I feel much better now, though. Spent some time catching up on journals. Ranted on a few. XR Sized a little. started dinner and some laundry.
I figured out what I'm going to do, since I was lax on the XR Size over the long weekend. I won't permit myself to mud until I've done XR Size. that should help.
tonight... hmm... I need to get some things done for work, since I fucked off a bit. I'd also like to organize some more stuff for ebay, or clean up a box/drawer/pile of junk. Mental notes to borrow Morphine's digicam again... and find out what happened with that second bottle of wine... and the monitor.
prolly watch some tv or a dvd as background. need to talk to RedneckNinja.
spent quite awhile talking to Hunnybee today... realized that I should post some of that in here, since I didn't yet.

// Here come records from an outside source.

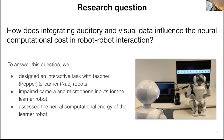To address these aspects, we frame the following research question: How does integrating auditory and visual data influence the neural energy consumption in robot-robot interaction? To answer this question, we designed an interactive task with two robots, Pepper as a teacher and NAO as a learner robot. Then we impaired the available sensory modalities of the learner robot to assess the energy consumption during multimodal interaction.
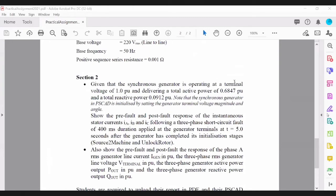You need to demonstrate that your generator is delivering an active power of 0.6847 per unit and reactive power of 0.0912 per unit. These two values will come from the angle you insert in the machine. The angle is entered in radians, and as you change that value, the power will vary. Set the angle to get the specified power given in the assignment.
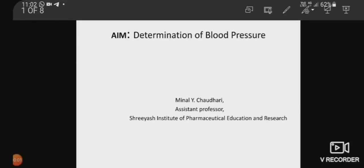Good morning everyone. Today we are going to perform the practical determination of blood pressure. I am Meenal Saudari, working as assistant professor in Shreyas Institute of Pharmaceutical Education and Research. So today we are going to see about the determination of blood pressure.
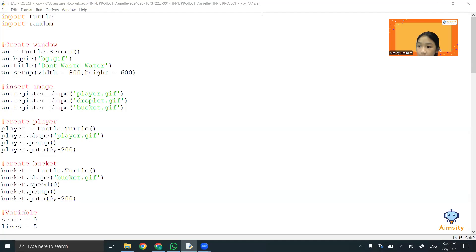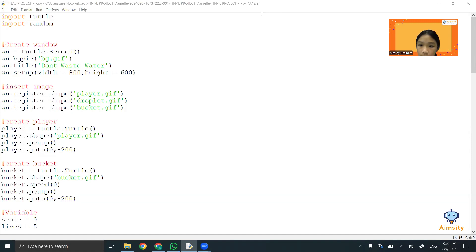Hi, my name is Daniel. I am 10 years old. I study at SJKC Union. I am going to present about my project using Python Turtle. I choose SDG 15, Life on Land.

about Ankh over the weekend:
see, we had too good of a time on my visit. it was very strange, and weirded me out to some extent. yes, it was exactly what I needed, but...

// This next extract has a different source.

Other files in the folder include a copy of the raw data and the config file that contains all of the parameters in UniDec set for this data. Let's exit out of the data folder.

I've got issues. Strawberry still has hold of me to some extent, and I really can't relax until that's taken care of. That means going up there to visit and finally have it all out.

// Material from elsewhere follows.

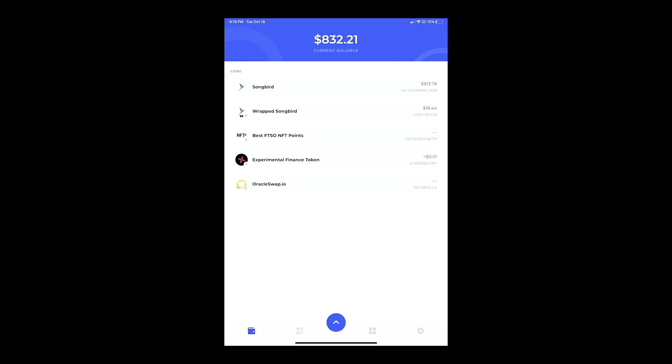The next thing we're going to do is show you how to add different tokens that are on the Songbird network to MetaMask. Right now all that you have is Songbird, so the best thing you want to do is go to the Songbird Explorer.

so, back to Ankh. we were talking during the early morning after they got back from a party and were drunk. and suddenly, I realized I was starting to fall back into the old pattern. I was getting pissed for no reason. so we talked the next day a bit, and it happened again... and kept getting worse. I realized what was going on, so I ended the conversation... then they got on icq and started messaging me. I warned them flat out that I was in a mood to do damage to them if they continued. They continued, and I went off. almost completely. I held back some, but...
You know how only someone who really knows you can just rip you apart? they can take all those fears and such and just stab at them directly? I did that. I took advantage of everything I know about Ankh and I unloaded it all at once on them. Some of it was true, some of it was not.
In any case, I really hurt them. Deeply.
After I did that, I was calm and out of that mood. And we kept talking, for some odd reason. You would have thought one of us would stop at that point. But we didn't.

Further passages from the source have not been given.